**RECORD EXCERPTS**
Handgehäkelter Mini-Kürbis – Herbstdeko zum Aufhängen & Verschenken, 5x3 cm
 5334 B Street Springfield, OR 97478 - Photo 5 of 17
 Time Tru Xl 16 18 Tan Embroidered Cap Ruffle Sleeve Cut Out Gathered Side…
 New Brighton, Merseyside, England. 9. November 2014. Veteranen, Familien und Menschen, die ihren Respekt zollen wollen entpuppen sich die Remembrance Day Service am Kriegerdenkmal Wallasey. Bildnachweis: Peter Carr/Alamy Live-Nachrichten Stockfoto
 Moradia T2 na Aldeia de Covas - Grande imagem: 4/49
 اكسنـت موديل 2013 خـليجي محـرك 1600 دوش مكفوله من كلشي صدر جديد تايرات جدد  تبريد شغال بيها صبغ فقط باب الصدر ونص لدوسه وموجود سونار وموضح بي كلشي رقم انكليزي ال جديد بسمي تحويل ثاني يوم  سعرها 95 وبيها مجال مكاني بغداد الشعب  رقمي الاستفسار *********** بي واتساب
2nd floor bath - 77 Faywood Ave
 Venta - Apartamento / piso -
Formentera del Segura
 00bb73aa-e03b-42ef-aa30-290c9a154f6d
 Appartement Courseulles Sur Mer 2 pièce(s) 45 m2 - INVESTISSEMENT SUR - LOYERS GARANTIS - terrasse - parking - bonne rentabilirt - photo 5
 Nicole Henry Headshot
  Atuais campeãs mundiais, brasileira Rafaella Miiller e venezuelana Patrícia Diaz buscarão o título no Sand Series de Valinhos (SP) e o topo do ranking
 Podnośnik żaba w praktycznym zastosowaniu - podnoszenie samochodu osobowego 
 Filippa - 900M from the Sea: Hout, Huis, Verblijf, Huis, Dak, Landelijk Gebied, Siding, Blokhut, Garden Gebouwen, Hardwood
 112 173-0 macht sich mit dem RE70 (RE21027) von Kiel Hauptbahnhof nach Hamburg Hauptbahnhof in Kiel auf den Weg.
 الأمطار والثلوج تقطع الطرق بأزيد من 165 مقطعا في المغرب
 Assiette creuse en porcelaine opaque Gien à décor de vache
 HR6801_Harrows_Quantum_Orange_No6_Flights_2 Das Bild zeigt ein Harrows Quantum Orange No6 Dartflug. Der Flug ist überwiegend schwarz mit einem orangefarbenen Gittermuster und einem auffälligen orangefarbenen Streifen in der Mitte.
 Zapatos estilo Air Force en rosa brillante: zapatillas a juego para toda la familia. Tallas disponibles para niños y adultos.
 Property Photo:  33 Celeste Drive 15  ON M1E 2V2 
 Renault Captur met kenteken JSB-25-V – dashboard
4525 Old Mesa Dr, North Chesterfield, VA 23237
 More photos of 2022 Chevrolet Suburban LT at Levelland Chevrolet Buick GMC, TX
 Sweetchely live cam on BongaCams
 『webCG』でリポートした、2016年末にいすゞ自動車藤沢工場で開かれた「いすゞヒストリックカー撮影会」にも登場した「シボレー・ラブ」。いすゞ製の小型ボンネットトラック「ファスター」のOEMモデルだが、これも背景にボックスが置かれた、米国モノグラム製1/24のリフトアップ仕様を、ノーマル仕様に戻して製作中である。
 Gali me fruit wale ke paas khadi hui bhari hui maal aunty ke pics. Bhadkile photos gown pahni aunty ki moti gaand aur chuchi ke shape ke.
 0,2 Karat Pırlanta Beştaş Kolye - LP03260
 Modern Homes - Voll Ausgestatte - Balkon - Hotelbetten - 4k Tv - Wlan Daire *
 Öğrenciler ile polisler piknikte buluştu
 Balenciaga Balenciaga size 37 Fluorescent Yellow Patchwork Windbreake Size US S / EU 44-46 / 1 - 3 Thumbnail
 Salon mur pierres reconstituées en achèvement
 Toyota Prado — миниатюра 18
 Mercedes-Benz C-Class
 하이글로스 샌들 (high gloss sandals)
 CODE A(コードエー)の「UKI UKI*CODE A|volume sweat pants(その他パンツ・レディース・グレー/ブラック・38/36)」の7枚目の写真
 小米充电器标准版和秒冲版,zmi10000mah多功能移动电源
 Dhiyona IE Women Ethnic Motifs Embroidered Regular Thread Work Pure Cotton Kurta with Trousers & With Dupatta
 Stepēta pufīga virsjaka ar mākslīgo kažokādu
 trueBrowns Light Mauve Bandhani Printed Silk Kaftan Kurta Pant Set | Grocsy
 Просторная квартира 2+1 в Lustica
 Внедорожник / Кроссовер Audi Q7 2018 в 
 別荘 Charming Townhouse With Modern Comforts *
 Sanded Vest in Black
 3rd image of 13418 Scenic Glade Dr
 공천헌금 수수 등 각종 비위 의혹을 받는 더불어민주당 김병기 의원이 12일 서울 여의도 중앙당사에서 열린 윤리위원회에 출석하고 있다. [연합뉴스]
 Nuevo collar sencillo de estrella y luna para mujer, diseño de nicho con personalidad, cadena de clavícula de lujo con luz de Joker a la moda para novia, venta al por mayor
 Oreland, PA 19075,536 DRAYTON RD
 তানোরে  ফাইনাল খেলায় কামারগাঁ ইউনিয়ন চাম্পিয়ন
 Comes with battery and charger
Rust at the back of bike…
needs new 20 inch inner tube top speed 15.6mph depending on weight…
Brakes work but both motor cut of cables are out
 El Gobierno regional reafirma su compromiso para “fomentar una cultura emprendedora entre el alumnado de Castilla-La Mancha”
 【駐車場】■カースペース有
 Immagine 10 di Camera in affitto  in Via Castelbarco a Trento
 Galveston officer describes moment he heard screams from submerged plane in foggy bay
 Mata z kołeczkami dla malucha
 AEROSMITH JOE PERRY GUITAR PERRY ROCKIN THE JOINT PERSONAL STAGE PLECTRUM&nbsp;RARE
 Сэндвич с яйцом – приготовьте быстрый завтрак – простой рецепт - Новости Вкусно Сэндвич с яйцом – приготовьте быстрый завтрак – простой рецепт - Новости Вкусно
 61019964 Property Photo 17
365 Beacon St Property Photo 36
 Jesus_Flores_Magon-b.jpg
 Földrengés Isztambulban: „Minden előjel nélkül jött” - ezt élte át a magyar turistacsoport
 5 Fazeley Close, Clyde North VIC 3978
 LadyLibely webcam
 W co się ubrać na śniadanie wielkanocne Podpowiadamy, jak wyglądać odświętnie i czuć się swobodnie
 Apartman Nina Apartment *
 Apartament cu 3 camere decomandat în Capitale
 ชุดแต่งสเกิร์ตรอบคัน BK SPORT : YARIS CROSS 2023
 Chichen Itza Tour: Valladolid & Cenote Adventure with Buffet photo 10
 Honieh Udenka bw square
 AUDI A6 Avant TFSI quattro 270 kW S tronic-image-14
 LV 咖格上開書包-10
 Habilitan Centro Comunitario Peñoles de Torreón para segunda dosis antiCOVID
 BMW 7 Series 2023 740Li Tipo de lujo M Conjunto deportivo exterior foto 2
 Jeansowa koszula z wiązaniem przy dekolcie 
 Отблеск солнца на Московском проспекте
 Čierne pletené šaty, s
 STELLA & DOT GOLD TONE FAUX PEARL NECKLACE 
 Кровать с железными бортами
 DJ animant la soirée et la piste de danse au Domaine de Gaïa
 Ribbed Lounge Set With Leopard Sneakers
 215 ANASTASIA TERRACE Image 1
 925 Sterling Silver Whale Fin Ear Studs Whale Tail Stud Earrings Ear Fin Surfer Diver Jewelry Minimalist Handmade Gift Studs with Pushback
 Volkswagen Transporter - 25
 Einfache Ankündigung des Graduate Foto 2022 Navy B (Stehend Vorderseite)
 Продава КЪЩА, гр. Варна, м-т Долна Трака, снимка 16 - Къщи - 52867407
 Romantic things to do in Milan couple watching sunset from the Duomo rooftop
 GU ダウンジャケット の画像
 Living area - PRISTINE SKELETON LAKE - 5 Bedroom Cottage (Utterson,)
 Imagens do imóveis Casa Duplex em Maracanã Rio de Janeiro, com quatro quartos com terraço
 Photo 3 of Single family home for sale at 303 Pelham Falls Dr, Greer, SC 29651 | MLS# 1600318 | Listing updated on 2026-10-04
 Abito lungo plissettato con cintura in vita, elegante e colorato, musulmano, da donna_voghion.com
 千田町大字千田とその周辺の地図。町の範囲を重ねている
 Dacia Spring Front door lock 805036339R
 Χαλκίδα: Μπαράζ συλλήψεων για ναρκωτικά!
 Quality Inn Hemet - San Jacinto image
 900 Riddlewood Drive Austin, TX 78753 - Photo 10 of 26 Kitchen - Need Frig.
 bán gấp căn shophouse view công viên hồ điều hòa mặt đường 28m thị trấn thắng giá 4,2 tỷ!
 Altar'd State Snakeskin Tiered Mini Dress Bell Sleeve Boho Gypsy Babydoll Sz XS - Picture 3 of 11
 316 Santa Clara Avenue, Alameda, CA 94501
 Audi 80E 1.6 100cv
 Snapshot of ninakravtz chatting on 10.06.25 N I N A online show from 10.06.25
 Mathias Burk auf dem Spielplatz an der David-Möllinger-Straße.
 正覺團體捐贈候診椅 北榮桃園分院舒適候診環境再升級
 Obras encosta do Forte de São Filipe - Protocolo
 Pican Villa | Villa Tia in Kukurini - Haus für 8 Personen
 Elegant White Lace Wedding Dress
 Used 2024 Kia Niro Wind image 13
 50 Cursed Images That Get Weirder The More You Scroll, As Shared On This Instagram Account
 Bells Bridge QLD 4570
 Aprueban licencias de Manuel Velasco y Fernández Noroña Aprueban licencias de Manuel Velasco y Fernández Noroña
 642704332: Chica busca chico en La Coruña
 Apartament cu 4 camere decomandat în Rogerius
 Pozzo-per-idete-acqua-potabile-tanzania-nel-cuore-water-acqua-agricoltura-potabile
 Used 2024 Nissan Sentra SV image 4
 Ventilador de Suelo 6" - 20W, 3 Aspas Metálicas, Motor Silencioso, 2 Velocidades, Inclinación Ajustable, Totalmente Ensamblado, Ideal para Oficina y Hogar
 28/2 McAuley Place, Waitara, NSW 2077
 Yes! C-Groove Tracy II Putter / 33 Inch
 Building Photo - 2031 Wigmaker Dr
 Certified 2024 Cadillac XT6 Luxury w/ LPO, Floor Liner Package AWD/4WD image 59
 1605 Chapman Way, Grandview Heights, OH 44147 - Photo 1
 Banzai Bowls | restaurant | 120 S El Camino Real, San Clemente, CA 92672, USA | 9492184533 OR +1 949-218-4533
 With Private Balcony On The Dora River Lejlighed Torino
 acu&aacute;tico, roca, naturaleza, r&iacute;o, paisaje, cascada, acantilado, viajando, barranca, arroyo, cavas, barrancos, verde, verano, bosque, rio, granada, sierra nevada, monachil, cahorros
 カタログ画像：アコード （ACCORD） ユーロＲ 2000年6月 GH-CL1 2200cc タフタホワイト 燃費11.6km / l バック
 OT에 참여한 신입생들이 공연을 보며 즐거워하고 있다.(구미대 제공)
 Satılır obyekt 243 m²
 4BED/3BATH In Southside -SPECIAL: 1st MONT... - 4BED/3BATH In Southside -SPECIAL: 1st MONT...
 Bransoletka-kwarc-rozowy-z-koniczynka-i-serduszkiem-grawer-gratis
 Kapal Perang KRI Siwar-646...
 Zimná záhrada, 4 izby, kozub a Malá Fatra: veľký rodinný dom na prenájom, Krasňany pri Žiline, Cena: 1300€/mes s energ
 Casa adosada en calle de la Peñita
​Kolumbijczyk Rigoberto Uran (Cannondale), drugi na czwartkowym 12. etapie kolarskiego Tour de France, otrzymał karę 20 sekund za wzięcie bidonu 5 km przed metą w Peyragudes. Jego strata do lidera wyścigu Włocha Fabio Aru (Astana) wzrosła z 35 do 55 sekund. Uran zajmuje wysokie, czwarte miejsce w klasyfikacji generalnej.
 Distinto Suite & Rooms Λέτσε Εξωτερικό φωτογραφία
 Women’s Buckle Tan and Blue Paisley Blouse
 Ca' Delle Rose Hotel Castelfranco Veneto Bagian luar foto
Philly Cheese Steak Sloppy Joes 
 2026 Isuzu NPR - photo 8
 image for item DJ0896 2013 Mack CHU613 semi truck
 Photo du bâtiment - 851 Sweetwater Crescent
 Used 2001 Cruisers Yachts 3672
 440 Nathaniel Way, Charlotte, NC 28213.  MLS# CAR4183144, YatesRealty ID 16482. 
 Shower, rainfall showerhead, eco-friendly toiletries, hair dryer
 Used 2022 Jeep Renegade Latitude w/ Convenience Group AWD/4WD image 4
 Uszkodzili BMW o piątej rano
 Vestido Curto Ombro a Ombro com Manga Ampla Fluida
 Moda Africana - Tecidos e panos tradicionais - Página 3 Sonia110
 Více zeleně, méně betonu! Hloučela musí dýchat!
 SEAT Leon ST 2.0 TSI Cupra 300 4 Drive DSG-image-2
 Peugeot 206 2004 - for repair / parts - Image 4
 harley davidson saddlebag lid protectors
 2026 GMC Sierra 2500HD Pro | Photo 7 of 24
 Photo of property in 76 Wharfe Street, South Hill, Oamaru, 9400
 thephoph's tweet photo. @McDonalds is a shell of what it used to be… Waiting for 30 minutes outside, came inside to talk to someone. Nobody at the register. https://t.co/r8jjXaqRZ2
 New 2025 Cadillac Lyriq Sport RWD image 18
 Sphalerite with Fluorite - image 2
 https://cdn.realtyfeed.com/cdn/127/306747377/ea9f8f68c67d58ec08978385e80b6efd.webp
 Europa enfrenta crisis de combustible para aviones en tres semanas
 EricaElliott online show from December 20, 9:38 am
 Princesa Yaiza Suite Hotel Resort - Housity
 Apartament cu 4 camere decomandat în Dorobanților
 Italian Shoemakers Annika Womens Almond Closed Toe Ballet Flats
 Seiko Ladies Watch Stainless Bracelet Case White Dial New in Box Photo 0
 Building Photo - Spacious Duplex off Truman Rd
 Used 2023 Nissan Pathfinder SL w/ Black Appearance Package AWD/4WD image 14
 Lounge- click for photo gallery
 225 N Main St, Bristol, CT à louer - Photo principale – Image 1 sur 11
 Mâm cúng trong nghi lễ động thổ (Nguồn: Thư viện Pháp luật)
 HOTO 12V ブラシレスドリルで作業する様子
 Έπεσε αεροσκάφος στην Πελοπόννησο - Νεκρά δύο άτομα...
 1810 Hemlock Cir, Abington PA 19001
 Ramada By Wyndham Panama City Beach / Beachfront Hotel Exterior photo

**WORK INSTRUCTION**
Restate word for word only the lines above from the line containing "Immagine 10 di" to the line containing "Ribbed Lounge Set With Leopard Sneakers", both of them included.

**YOUR RESPONSE**
 Immagine 10 di Camera in affitto  in Via Castelbarco a Trento
 Galveston officer describes moment he heard screams from submerged plane in foggy bay
 Mata z kołeczkami dla malucha
 AEROSMITH JOE PERRY GUITAR PERRY ROCKIN THE JOINT PERSONAL STAGE PLECTRUM&nbsp;RARE
 Сэндвич с яйцом – приготовьте быстрый завтрак – простой рецепт - Новости Вкусно Сэндвич с яйцом – приготовьте быстрый завтрак – простой рецепт - Новости Вкусно
 61019964 Property Photo 17
365 Beacon St Property Photo 36
 Jesus_Flores_Magon-b.jpg
 Földrengés Isztambulban: „Minden előjel nélkül jött” - ezt élte át a magyar turistacsoport
 5 Fazeley Close, Clyde North VIC 3978
 LadyLibely webcam
 W co się ubrać na śniadanie wielkanocne Podpowiadamy, jak wyglądać odświętnie i czuć się swobodnie
 Apartman Nina Apartment *
 Apartament cu 3 camere decomandat în Capitale
 ชุดแต่งสเกิร์ตรอบคัน BK SPORT : YARIS CROSS 2023
 Chichen Itza Tour: Valladolid & Cenote Adventure with Buffet photo 10
 Honieh Udenka bw square
 AUDI A6 Avant TFSI quattro 270 kW S tronic-image-14
 LV 咖格上開書包-10
 Habilitan Centro Comunitario Peñoles de Torreón para segunda dosis antiCOVID
 BMW 7 Series 2023 740Li Tipo de lujo M Conjunto deportivo exterior foto 2
 Jeansowa koszula z wiązaniem przy dekolcie 
 Отблеск солнца на Московском проспекте
 Čierne pletené šaty, s
 STELLA & DOT GOLD TONE FAUX PEARL NECKLACE 
 Кровать с железными бортами
 DJ animant la soirée et la piste de danse au Domaine de Gaïa
 Ribbed Lounge Set With Leopard Sneakers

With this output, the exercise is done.